Painted chests were one of the most expensive items in a fifteenth-century Florentine household. Known as cassone (literally ‘a large chest’) they were made to celebrate marriage alliances. Initially they were ordered by the bride’s family and used to transport her dowry, and then to store her dresses and other linens. By the mid-fifteenth century they were ordered by the groom and formed part of the ensemble of furniture and paintings purchased for his rooms within his family’s palace upon his marriage.
The paintings on cassoni were not intended just to dazzle and entertain with their rich, decorative details but also to show off their patrons‘ intellect and culture. Popular themes were illustrations of ancient or contemporary poetry, classical mythology, ancient history and the Old Testament. Sometimes, as here, patrons chose scenes from contemporary life.
This picture shows a jousting tournament, known as an armeggeria. Noble families would put on tournaments like this to forge alliances or as shows of strength. Sometimes they made a show of impressing a particular young woman, and there are accounts of a festival-type atmosphere with floats representing the idea of the ’Triumph of Love‘. The use of such scenes on marriage chests was appropriate because of the romantic and chivalric ideas that were embedded in these tournaments – but actual marriage alliances were forged in private. The scene allows for plenty of quirky details, an abundance of colour, the display of coats of arms and the use of gold leaf for the horses’ intricate harnesses. The joust itself is divided by an arched structure which separates the riders who attempt to knock each other off their horses with lances. Curiously, one of the riders to the left has gilded wings; perhaps he has come as Amor, the winged god of love.

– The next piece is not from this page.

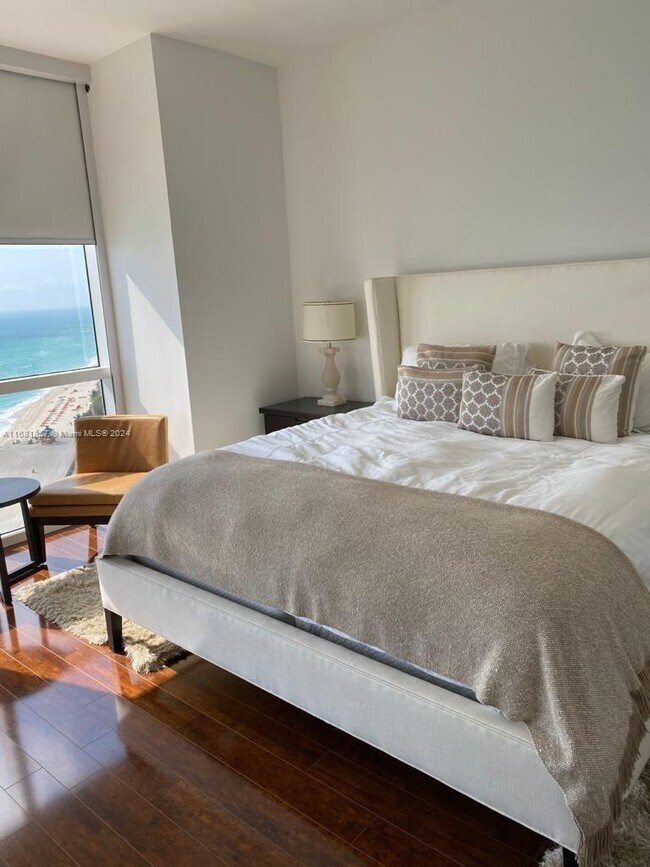 Photo - 18101 Collins Ave Unidad 1907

The building enclosing the scene on the far right is a church, perhaps the Florentine church of Santa Croce. In the arches above its doors we can see the coats of arms of the Florentine people (the red cross on a white background). Another, which looks like a pair of pincers, is also embroidered onto the capes of some of the jousters and appears on the textile just in front of the spectators‘ platform. It might be the emblem of the Tanagli family, whose name means pincer. The other prominent emblem shows a lion rampant (rearing up) on one side and shields on the other – similar to the coat of arms of the Spinelli family. These also appear on the chest itself, on either side of the main painted panel, and on the armour of a mounted knight and the cloak of his horse on a side panel on the left of the chest. It might be tempting to think that the devices represent the two families united by marriage, but it’s likely that they are later additions.
Some painters specialised in furniture painting, such as Apollonio di Giovanni. He had a large workshop; he accepted at least 170 commissions for marriage chests during the period of his collaboration with Marco del Buono. Most painters – even the most famous – would have painted furniture. Botticelli’s Venus and Mars for example, was probably intended for the furnishing of a chamber (a room that had beds, but which wasn’t exactly like a modern bedroom).
Very few of these painted chests remain intact and usually the paintings have been detached from the chests. The National Gallery’s two cassone (this, and The Story of the Schoolmaster of Falerii) are relatively rare survivals. However, they were heavily restored and renewed in the nineteenth-century. For example, this one includes side panels from another chest. The carved lion’s feet they rest on were added to make the cassone look grander and more elaborate than they did originally.